(Excerpts from a dataset)
☆ ☆ ☆ ☆ ☆ ☆ ☆

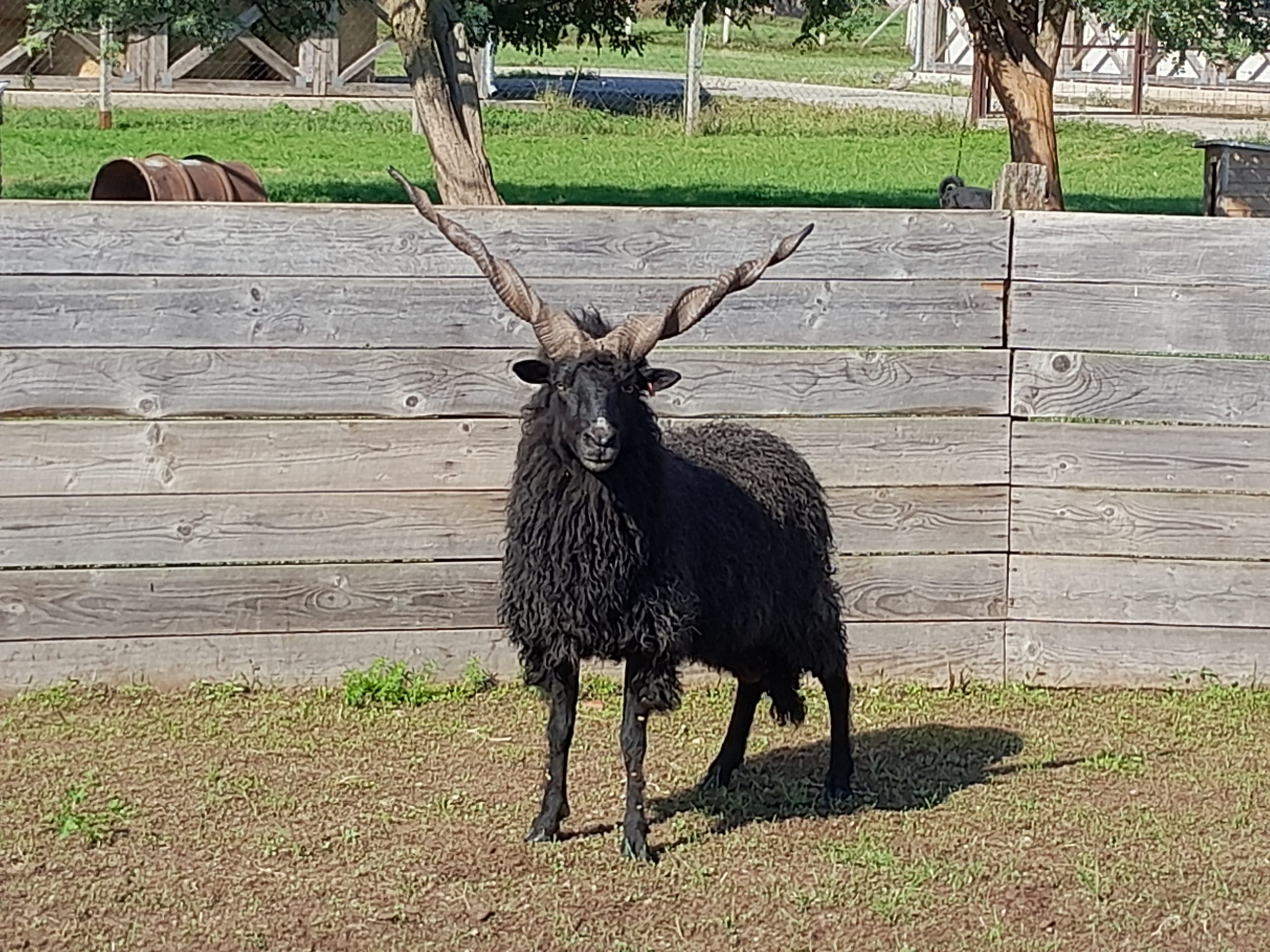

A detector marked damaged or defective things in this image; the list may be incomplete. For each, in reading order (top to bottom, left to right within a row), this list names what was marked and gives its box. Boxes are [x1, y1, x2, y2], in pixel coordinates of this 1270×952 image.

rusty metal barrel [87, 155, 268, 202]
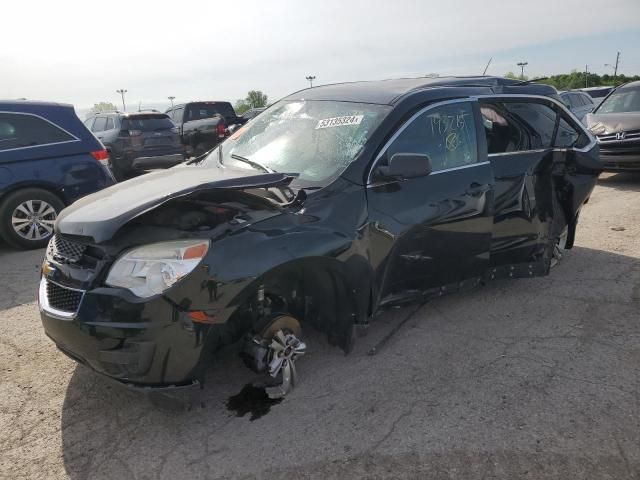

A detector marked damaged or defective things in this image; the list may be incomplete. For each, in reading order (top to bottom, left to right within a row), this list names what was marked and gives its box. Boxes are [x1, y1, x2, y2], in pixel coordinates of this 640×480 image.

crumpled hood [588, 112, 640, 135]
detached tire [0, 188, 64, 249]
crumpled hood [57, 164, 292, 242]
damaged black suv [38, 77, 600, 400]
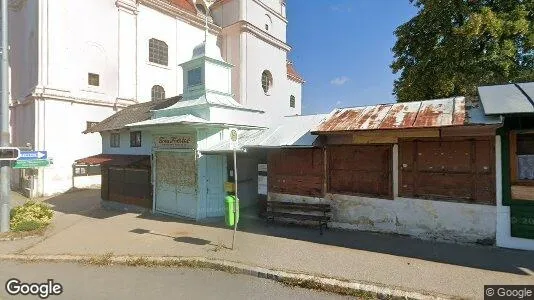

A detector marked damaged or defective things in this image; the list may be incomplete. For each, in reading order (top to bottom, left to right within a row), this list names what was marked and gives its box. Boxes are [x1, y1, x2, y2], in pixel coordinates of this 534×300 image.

☆ ☆ ☆ ☆ ☆ ☆ ☆

* _WHAT YOU WILL DO_: The copy should hold exactly the lines from the one containing "this 640×480 image." through the final line of the records above, both ends included, and no picture.

* _SOLUTION FOR THIS EXERCISE_:
A detector marked damaged or defective things in this image; the list may be incomplete. For each, in reading order (top to bottom, left to right within a row), this list names what was marked and gives its box. Boxes are [x1, y1, x2, y2], in pixel coordinates of this 640×480 image.

crumpled hood [588, 112, 640, 135]
detached tire [0, 188, 64, 249]
crumpled hood [57, 164, 292, 242]
damaged black suv [38, 77, 600, 400]

A detector marked damaged or defective things in this image; the list may be incomplete. For each, in reading order (top to bottom, left to right within a row), this list names what was marked and gives its box. Boxes are [x1, y1, x2, y2], in pixel coordinates of this 534×300 image.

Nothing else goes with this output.